Israeli police indicted Golan along with three antiquities dealers (Robert Deutsch, Shlomo Cohen, and Faiz-al-Amaleh) on charges of running a forgery ring for over twenty years. Charges also included causing damage to antiquities and receiving fraudulent goods.
– Golan and his gang were also charged with forging the famous “ivory pomegranate,” once thought to be the top of a temple priest’s scepter and the only known relic from Solomon’s temple. It was formerly on display in the Israel Museum until its exposure as a fraud.
– A stone seal purportedly belonging to Menashe (also known as Manasseh), King of Judah ca. 687–642 BC. It is reported to have been offered to a private collector for $1 million. Reference to Menashe’s rule and to his captivity in Babylonia can be found in II Chronicles 33:11-13.
– A decorated stone menorah said to belong to a temple High Priest.
– The Yoash (or Jehoash) Inscription. The sandstone tablet supposedly contained instructions in ancient Hebrew for repairing the First Temple in Jerusalem during the reign of Yehoash, son of Akhazyah, King of Judah (836–798 BC).
– Fragments of clay vessels with inscriptions that supposedly showed a connection to biblical sites including the Israelite temples.
– A quartz bowl with an Egyptian inscription describing the destruction of Megiddo by Egyptian armies.
The forgers have been able to cash in on this lucrative market because Christians have long been anxious to find proof outside the Bible that the events contained therein actually took place.
In addition, the artifacts are used to link Christianity to Judaism, as the Jewish Telegraphic Agency (JTA) pointed out in its coverage of the opening of the Museum of the Bible in Washington DC, when it declared that “It especially celebrates the Bible’s Jewish origins, notably those made manifest in modern Israel.”
“The dedication included a rabbi, Israel’s ambassador to the United States, the Israeli minister of tourism and the director of the Israel Antiquities Authority,” the JTA article continued.
“At times, the event seemed like a pro-Israel gala.
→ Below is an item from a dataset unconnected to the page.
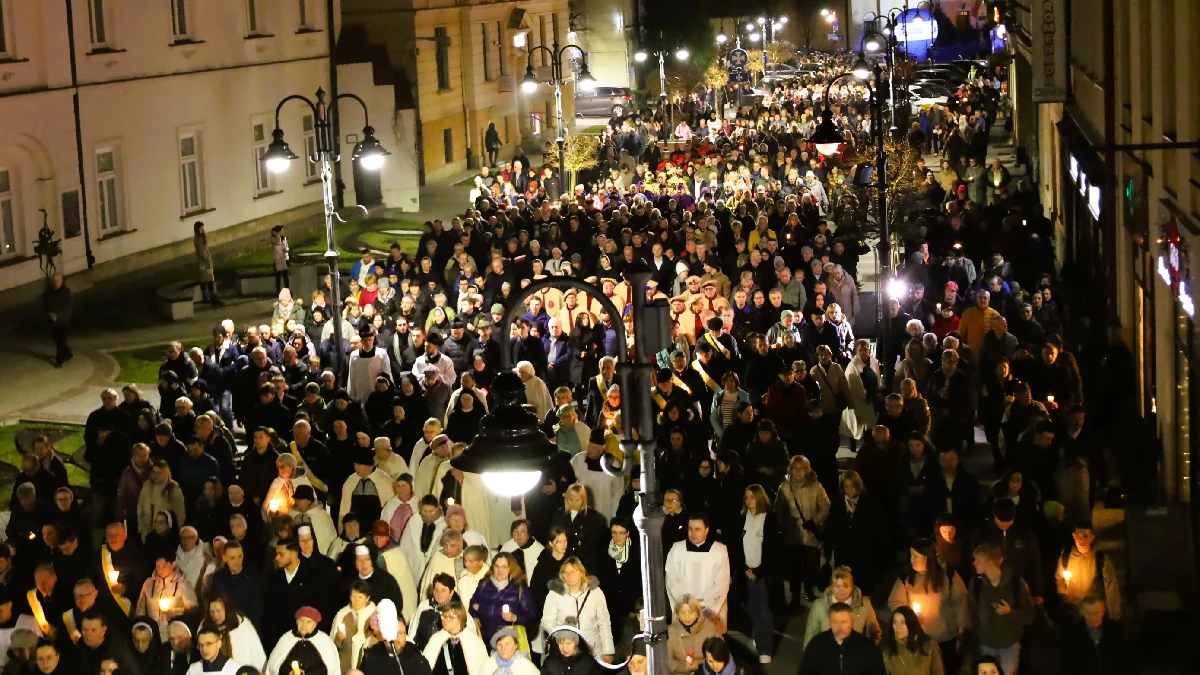 Kilka tysięcy rzeszowian wzięło udział w Drodze Krzyżowej ulicami miasta [ZDJĘCIA] - Zdjęcie główne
Ron Dermer, the Israeli ambassador, celebrated the museum as a signifier of the Jewish claim to Jerusalem. The Bible nurtured Jews through 2,000 years of exile until they were able to ‘rebuild the original DC — David’s Capital,’ he said.
“Yariv Levin, the tourism minister, read a letter from Prime Minister Benjamin Netanyahu, who sent ‘warm greetings from Jerusalem, the eternal and undivided capital of Israel.’
“The deference to Judaism is evident in the museum logo, a B flat on its face resembling the tablets of the Ten Commandments, and the museum store, where Star of David pendants glitter next to crucifixes.
“Judaism as parent suffuses just about every exhibit, including one that media and special guests walked through earlier this week: The Hebrew Bible. It’s an immersive 30-minute stroll through animations and special effects illustrated by supple, handsome animated Hebrews. (The Burning Bush, a riot of bright yellow light in a darkened room, was genuinely thrilling.) That’s more than twice as long as the 12 1/2-minute immersive New Testament experience.
“On the fifth floor of this six-floor mammoth comprising much of a Washington block are artifacts contributed by Israel’s Antiquities Authority. The exhibit is permanent, but the Israeli authority will rotate the items about 1,500 at a time.
“The debt to Judaism is seen in the kosher-style food at Manna, the rooftop restaurant run by a couple who wrote ‘The New Jewish Table’ cookbook.
“Judaism and its origins in Israel are evident as well in a temporary exhibit, through May , organized by Jerusalem’s Bible Lands Museum, which served as a consultant to the D.C. museum.”